What you need to do. Once the line containing "Skiennix 7Ft Fairy" is reached in the listing below, reproduce it and all later lines through the final one exactly, but omit any pictures.

[Opening Dataset content section]

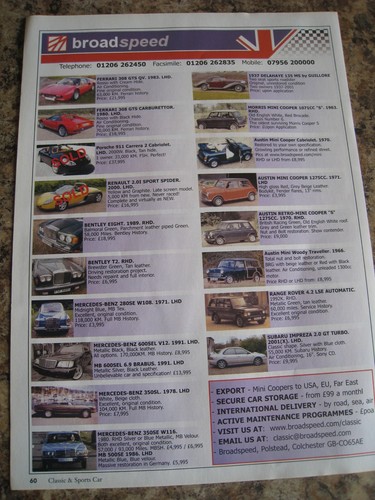 Broadspeed car stock - broadspeed, list
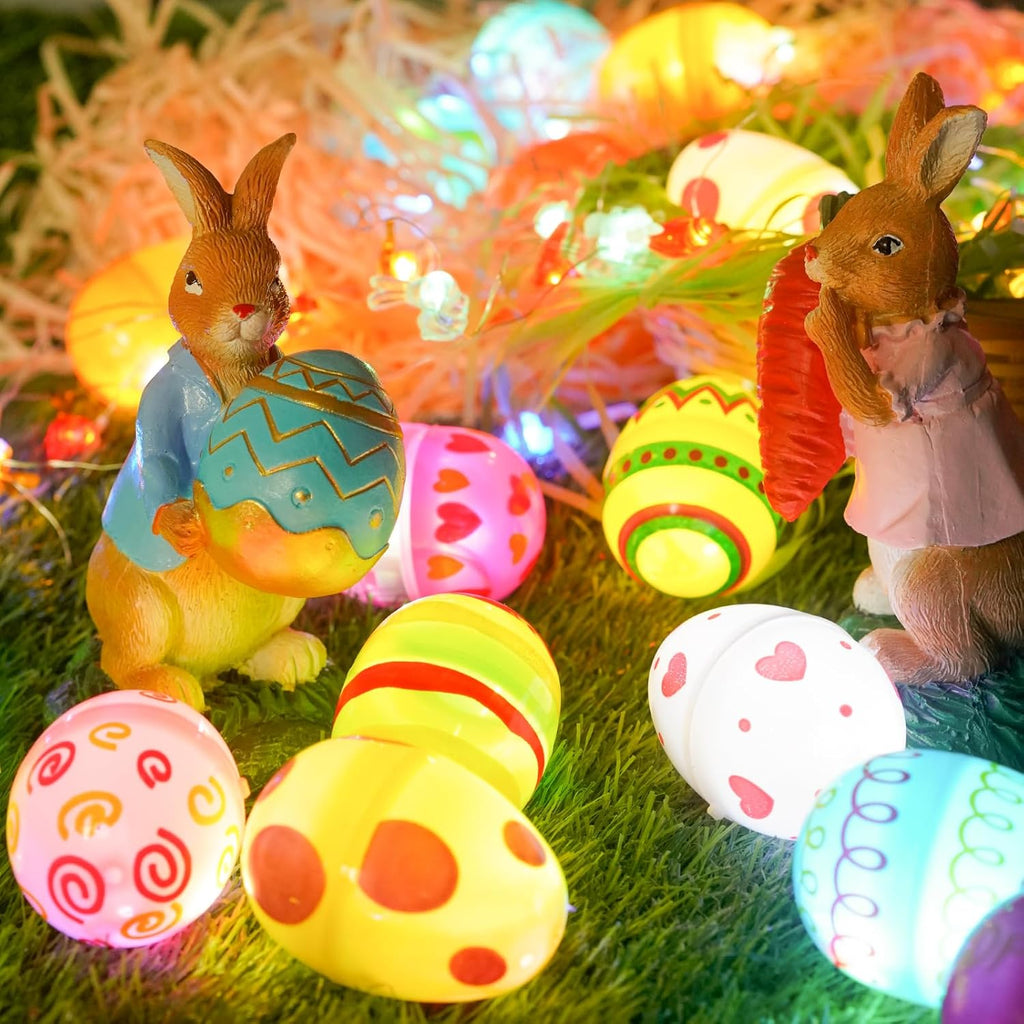 Skiennix 7Ft Fairy Lights - 12 Pack Battery Operated 20 LED Easter String Lights for Spring Decor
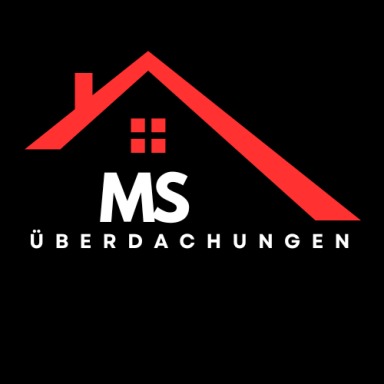 Logo von MS Überdachungen mit rotem Dachsymbol und stilisierter Schrift.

[Closing Dataset content section]

Written solution.
 Skiennix 7Ft Fairy Lights - 12 Pack Battery Operated 20 LED Easter String Lights for Spring Decor
 Logo von MS Überdachungen mit rotem Dachsymbol und stilisierter Schrift.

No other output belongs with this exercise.